Sport faszinierte den Architekten

Ende des vorigen Jahrhunderts trat Siza als Stadtplaner hervor, als er das durch Brand verheerte Lissaboner Altstadt-Viertel Chiado sehr einfühlsam wiederherzustellen empfahl und selbst mit einer rasanten U-Bahn-Station tief unter dem hügeligen Gelände für eine zeitgemäße Erschließung dieses gefährdeten Quartiers sorgte.

In den in Berlin gezeigten Zeichnungen lässt Siza Körper sich verwandeln, sich in einzelne Elemente aufteilen, die dann zu Bauteilen einer Architektur werden und schließlich zu „Baukörpern“, wie die Sprache die Verwandtschaft zwischen Mensch und Haus herstellt.

Sport hat den Architekten lange Zeit fasziniert, Läufer, die auf die geschwungenen Eingänge seiner Ausstellungspavillons zustreben. Bewegung, die sich in bewegter Architektur spiegelt. Für Palermo entwarf er einen Sportkomplex, für eine „Universiade“ Ende der 1990er Jahre, die dann doch abgesagt wurde.

Er gewann den Pritzker-Preis und den Goldenen Löwen

Warum Siza nun so hartnäckig als „Modernist“ bezeichnet wird und auch der Katalog auf das historische Bauhaus zu sprechen kommt, erschließt sich nicht. In erster Linie ist Siza ein Architekt, der vom Menschen und seinem Umgang mit Gebautem ausgeht. Die ausgeführten Bauten zeigen ein humanes Maß, das die bisweilen harten Kanten von gegeneinander gesetzten Kuben und das grelle Weiß ihres Verputzes konterkarieren. Im Alter traut sich Siza durchaus auch an Hochhäuser, in den Niederlanden sind bereits zwei davon realisiert worden. Parallel zu seinem internationalen Aufstieg regnete es Auszeichnungen, darunter bereits 1992 der Pritzker-Preis, 2002 kam der Goldene Löwe der Biennale von Venedig hinzu und zehn Jahre später noch ein Goldener Löwe, diesmal dann für sein Lebenswerk.
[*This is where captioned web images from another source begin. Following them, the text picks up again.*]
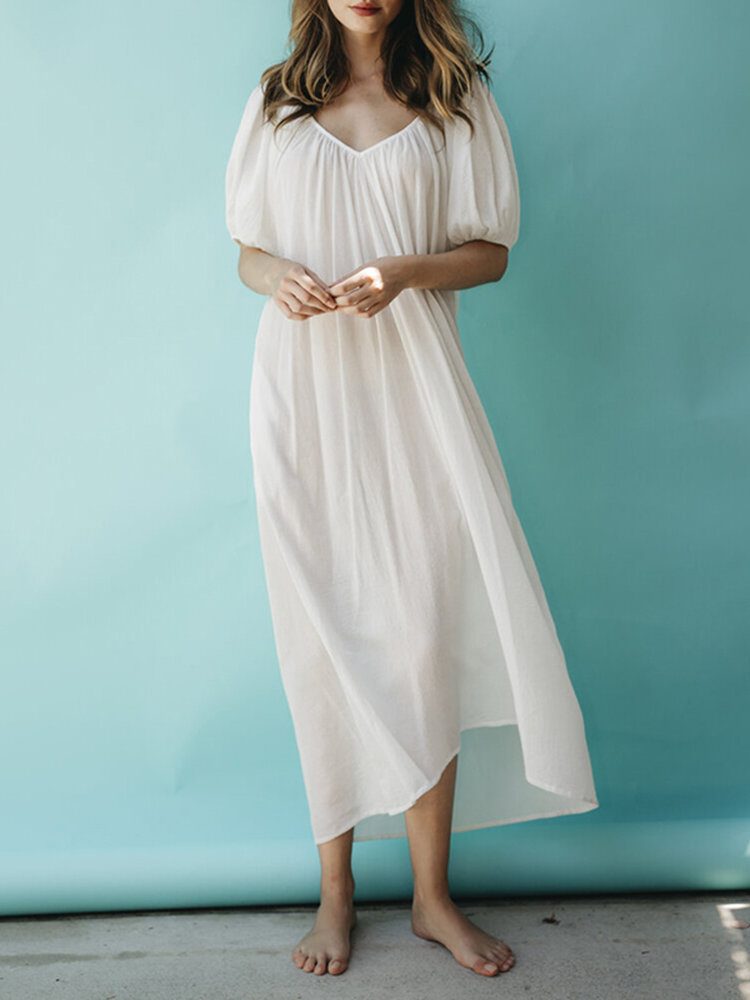 Solid Puff Sleeve Plissert Daglig Casual Chiffon Maxi Dress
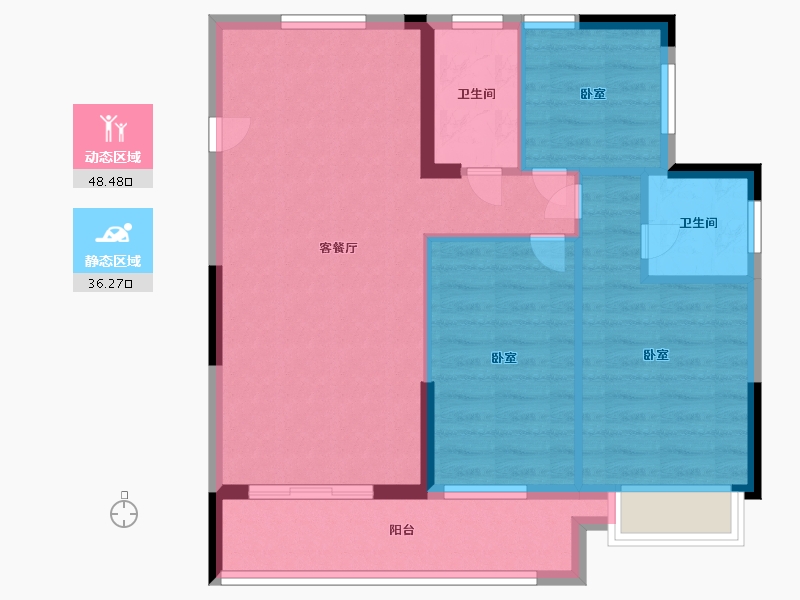 浙江省-宁波市-临湾府-75.99-户型库-动静分区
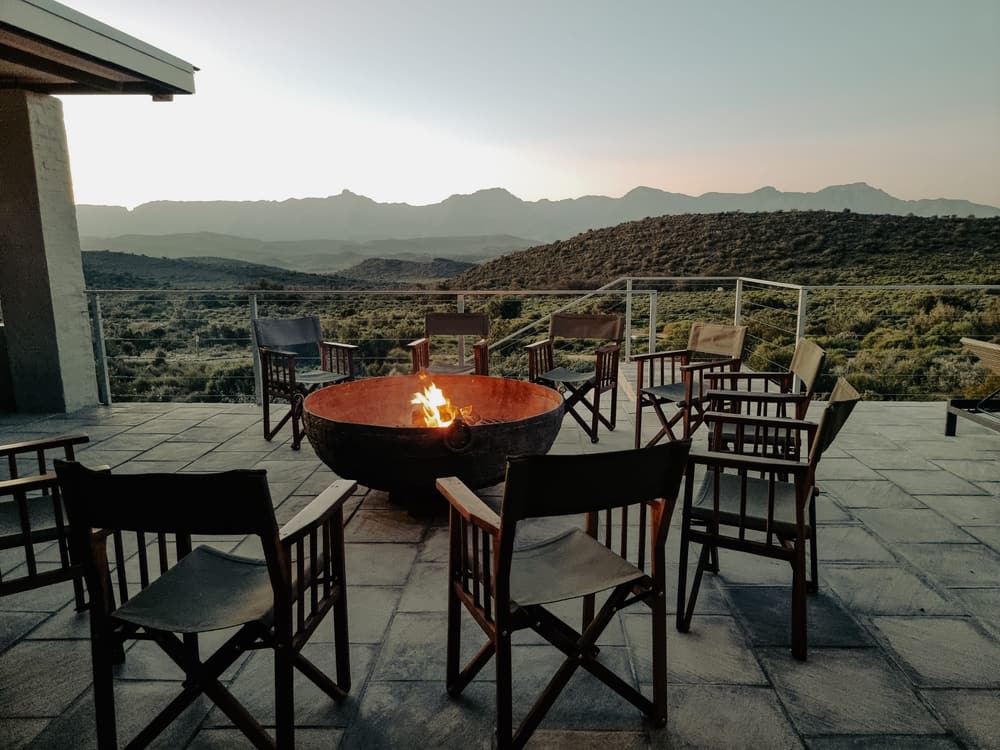 Fire bowl on a hillside patio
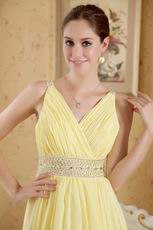 Beautiful V-neck Beaded Yellow Chiffon Dress For Prom Party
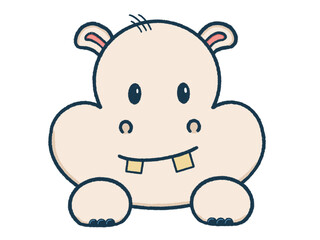 Cute hippo isolated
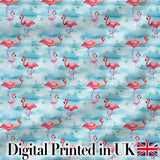 Cute Pink Flamingo Birds in Soft Blue Watercolor Lagoon Seamless Pattern Digital Print Fabric by the Metre UK Sewing Quilting Textile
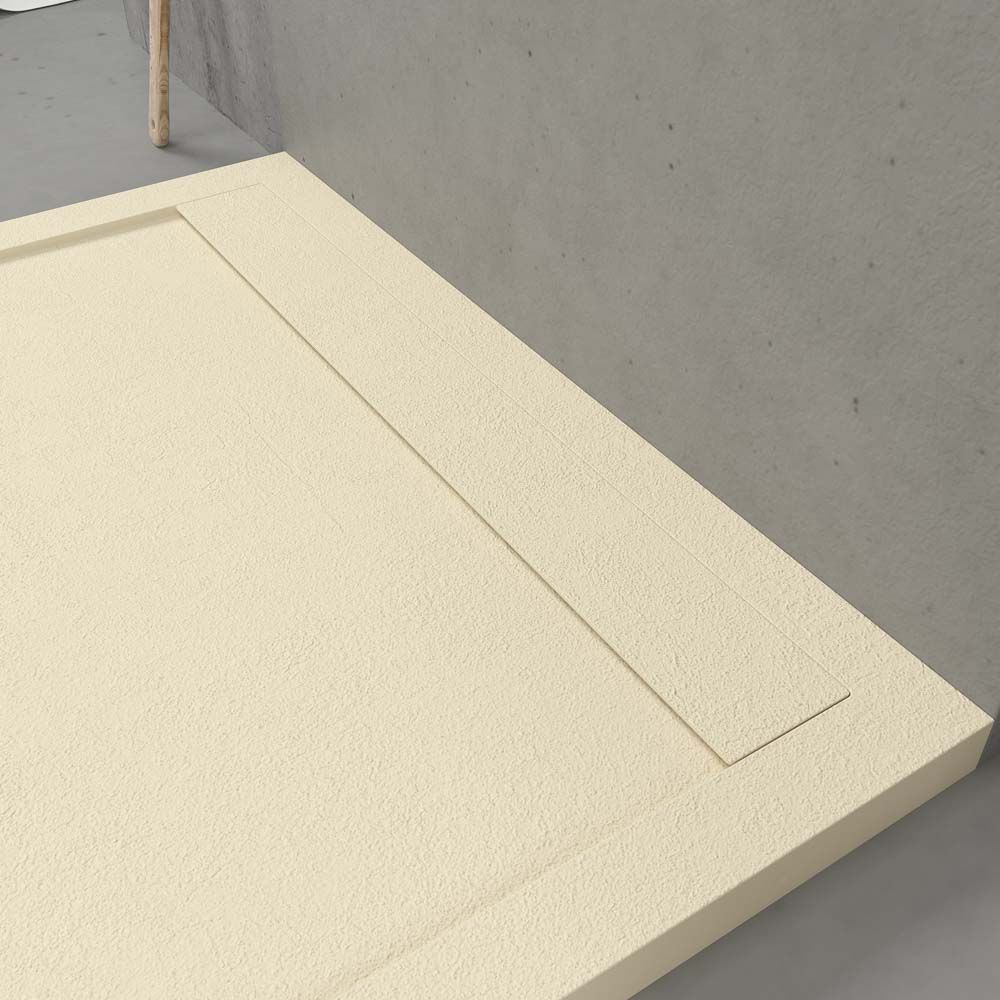 Receveur de douche en résine avec cadre URBANSTONE Ivoire RAL 1015 texture ardoise antibactérien et antidérapant. Coloris au choix. Grille cachée – Image 4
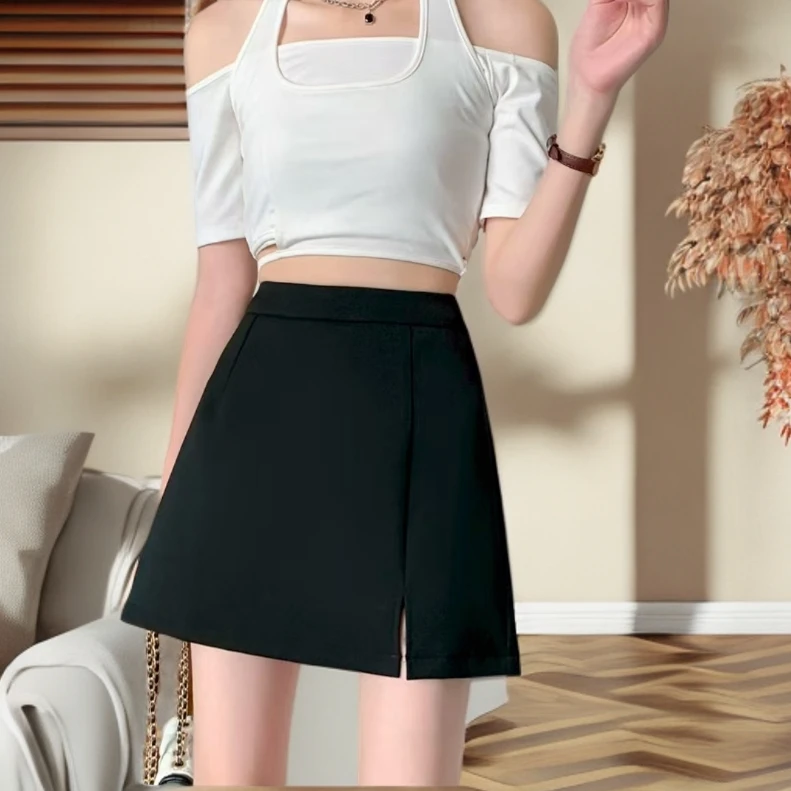 新款短裙高腰O型半身裙A字裤裙包臀裙时尚2025夏季高质感穿搭薄款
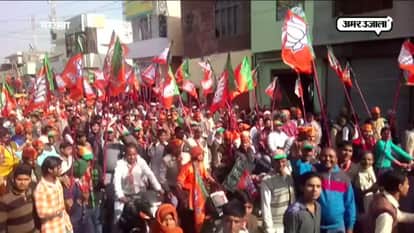 Road show by bjp candidate sangeet som in sardhana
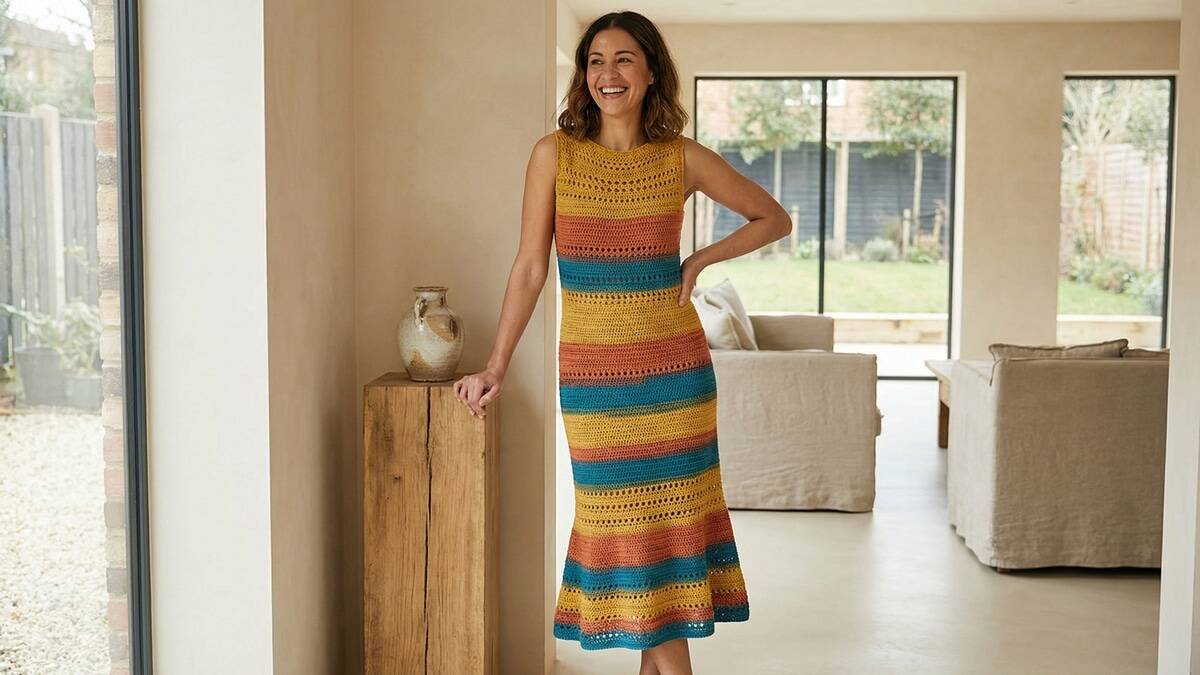 Mulher sorrindo usando vestido de crochê em cor vibrante com silhueta fluida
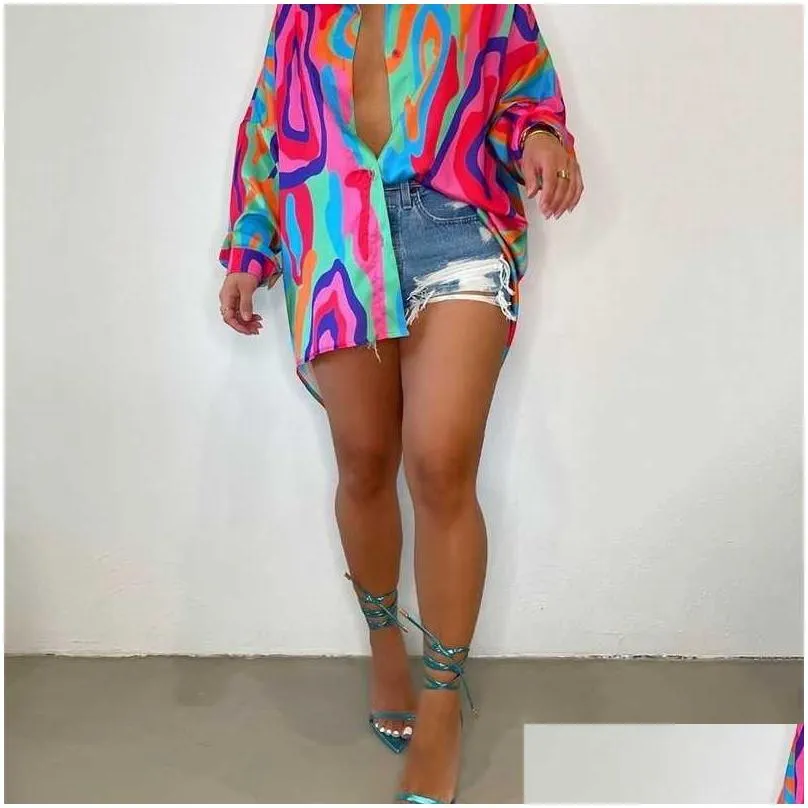 retail designer women shirt dresses tie dye print fashion cardigan dress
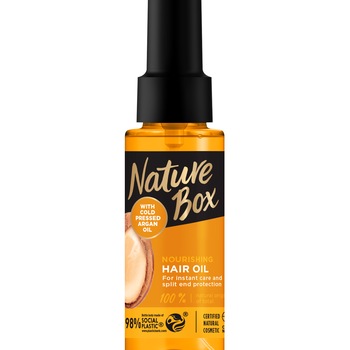 Ulei de par hranitor Nature Box cu ulei de argan presat la rece, 70 ml Ulei de par hranitor Nature Box cu ulei de argan presat la rece, 70 ml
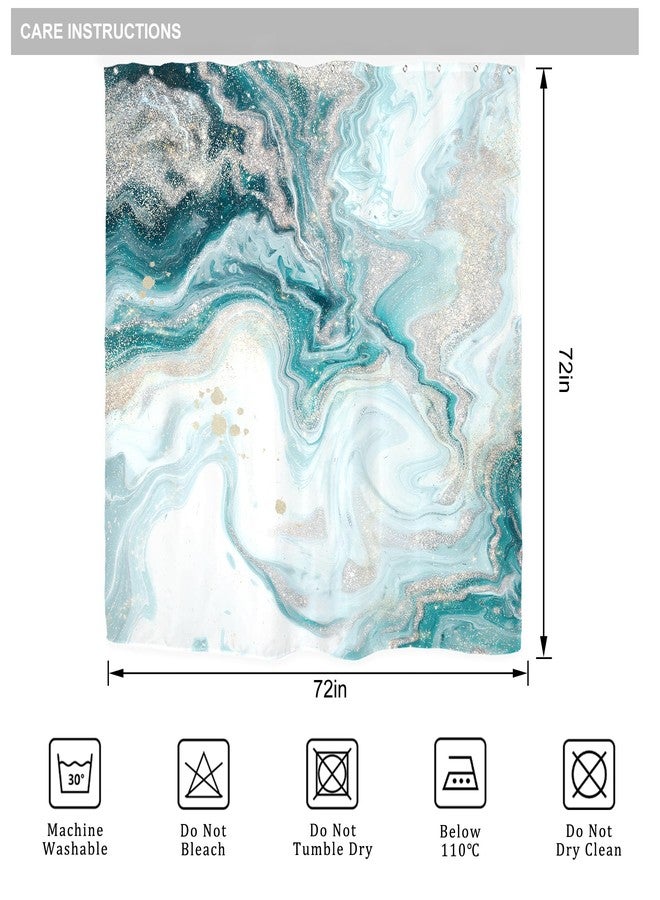 Riyidecor Teal Aqua Marble Shower Curtain Abstract Turquoise Ombre Ink Printed Luxury Texture Aesthetic Art Printed Fabric Polyester Waterproof 12 Pack Plastic Hooks for Bathroom Decor 72Wx72H - Image 4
Unlängst war im Museum für Architekturzeichnung ein Video mit Álvaro Siza zu sehen, in dem die zeichnende Hand die Hauptrolle spielte, die sonore Stimme des Architekten im Off und der Rauch seiner Zigarette bisweilen wie ein Schleier vor dem Objektiv. Seine Zigarettenschachteln lässt sich Siza bekleben, um die furchteinflößenden Warnhinweise nicht lesen zu müssen, zudem kritzelt er auf die Verpackung. Um der Trauer nicht zu verfallen, wurde er zu einem der produktivsten Baumeister unserer Tage.

Museum für Architekturzeichnung, Christinenstraße 18a, bis 18. April. Mo–Fr 14–19, Sa/So 13–17 Uhr. Katalog 35 €.